Bien que certains conservateurs de musée aient fait construire un amphithéâtre à proximité de leur établissement (voir directement rattaché) afin d’y accueillir des conférences scientifiques, ce n’est qu’un public limité qui y va. De plus, tout le monde n’avait pas accès en permanence à ces musées. Pendant toute la première moitié du XIXe siècle, les profanes n’avaient pas le droit de visiter les musées. Durant la seconde moitié, ils le pourront, mais ce sera très limité, il n’y a que le dimanche après-midi ou ils ont le droit de visiter des musées[1]. Cela dit, le public non profane n’y allait pas de façon régulière. Ceux qui y vont, ce sont notamment des étudiants ou des élèves, et toujours encadrés par leur professeur. À l’instar de leurs ancêtres, les cabinets de curiosités, qui avaient fini par rassembler davantage de monde à la fin du siècle des lumières, les muséums finissent par perdre en intérêt même auprès de la communauté scientifique.
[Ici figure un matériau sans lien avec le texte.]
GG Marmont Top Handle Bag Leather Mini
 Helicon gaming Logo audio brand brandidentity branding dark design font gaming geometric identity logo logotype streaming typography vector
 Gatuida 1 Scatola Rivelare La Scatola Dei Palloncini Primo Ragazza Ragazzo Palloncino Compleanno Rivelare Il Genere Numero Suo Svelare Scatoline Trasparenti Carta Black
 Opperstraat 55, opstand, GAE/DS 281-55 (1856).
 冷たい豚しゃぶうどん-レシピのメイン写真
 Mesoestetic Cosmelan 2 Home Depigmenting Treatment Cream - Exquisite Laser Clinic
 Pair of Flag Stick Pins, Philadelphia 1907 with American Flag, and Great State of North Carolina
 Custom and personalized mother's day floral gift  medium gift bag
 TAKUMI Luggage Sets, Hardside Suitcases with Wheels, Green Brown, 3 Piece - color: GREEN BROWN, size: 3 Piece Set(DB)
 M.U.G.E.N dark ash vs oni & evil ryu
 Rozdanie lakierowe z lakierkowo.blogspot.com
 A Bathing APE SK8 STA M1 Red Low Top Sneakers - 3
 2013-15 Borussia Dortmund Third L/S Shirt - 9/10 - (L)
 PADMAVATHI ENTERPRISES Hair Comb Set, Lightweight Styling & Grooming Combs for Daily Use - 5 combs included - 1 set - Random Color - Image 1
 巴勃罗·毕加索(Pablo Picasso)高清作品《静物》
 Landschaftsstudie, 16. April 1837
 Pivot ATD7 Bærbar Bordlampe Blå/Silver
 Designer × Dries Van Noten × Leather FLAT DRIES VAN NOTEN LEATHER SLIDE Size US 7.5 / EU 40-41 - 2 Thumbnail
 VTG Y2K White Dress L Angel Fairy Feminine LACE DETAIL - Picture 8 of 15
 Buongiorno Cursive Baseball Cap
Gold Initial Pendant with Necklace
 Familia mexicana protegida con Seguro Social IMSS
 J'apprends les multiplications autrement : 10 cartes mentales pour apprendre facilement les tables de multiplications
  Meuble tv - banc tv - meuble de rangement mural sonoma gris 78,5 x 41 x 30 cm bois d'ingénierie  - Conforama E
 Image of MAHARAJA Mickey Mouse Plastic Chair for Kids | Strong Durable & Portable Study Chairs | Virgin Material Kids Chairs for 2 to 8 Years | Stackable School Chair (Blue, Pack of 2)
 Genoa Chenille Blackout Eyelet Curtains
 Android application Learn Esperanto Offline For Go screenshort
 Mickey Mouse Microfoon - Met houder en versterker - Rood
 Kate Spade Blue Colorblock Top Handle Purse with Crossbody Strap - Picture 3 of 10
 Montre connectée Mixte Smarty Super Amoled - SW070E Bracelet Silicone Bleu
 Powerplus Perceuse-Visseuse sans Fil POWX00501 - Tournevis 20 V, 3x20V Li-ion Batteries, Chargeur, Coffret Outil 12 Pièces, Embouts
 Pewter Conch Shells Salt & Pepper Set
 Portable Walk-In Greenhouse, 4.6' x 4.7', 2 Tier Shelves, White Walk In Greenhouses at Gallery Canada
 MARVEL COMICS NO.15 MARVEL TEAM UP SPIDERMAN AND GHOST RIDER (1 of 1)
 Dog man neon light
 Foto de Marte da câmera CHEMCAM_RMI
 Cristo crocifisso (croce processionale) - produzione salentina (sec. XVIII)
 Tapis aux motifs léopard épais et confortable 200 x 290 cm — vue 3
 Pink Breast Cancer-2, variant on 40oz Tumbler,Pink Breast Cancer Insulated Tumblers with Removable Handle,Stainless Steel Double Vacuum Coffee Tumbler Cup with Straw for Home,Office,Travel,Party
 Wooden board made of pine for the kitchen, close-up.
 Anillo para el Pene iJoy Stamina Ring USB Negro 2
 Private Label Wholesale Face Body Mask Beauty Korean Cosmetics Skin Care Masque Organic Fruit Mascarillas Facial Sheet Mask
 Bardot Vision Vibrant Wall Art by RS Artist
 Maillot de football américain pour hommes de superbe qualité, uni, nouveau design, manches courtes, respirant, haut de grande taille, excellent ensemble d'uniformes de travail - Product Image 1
Ces musées étaient trop renfermés sur eux-mêmes ainsi que sur leur discipline, si bien qu’ils n’ont pas évolués avec leur temps, restant en état de stase jusqu’à la fin des années 1980, période durant laquelle des travaux de rénovation sont faits dans nombre de muséums[4].
Par défaut de précision, il convient de dire que nous parlons ici notamment des musées d’histoire naturelle. D’autres types de musées étaient davantage ouverts au public. Certains musées anatomiques tels que le musée Spitzner ou les musées Talrich en sont des exemples. Ils utilisaient la curiosité du public pour attirer les foules[3].
Les expositions universelles, un moyen d’attirer les foules
modifierUne exposition universelle est définie par le Bureau International des Expositions (BIE) comme étant « une manifestation qui, quelle que soit sa dénomination, a un but principal d’enseignement pour le public, faisant l’inventaire des moyens dont dispose l’homme pour satisfaire les besoins d’une civilisation et faisant ressortir dans une ou plusieurs branches de l’activité humaine les progrès réalisés ou les perspectives d’avenir[7] ». Ces expositions ont généralement lieu dans des grandes métropoles de puissances industrielles et existent encore de nos jours. La première s’est déroulée en 1851 au Crystal Palace, construit spécialement pour l’occasion, à Londres.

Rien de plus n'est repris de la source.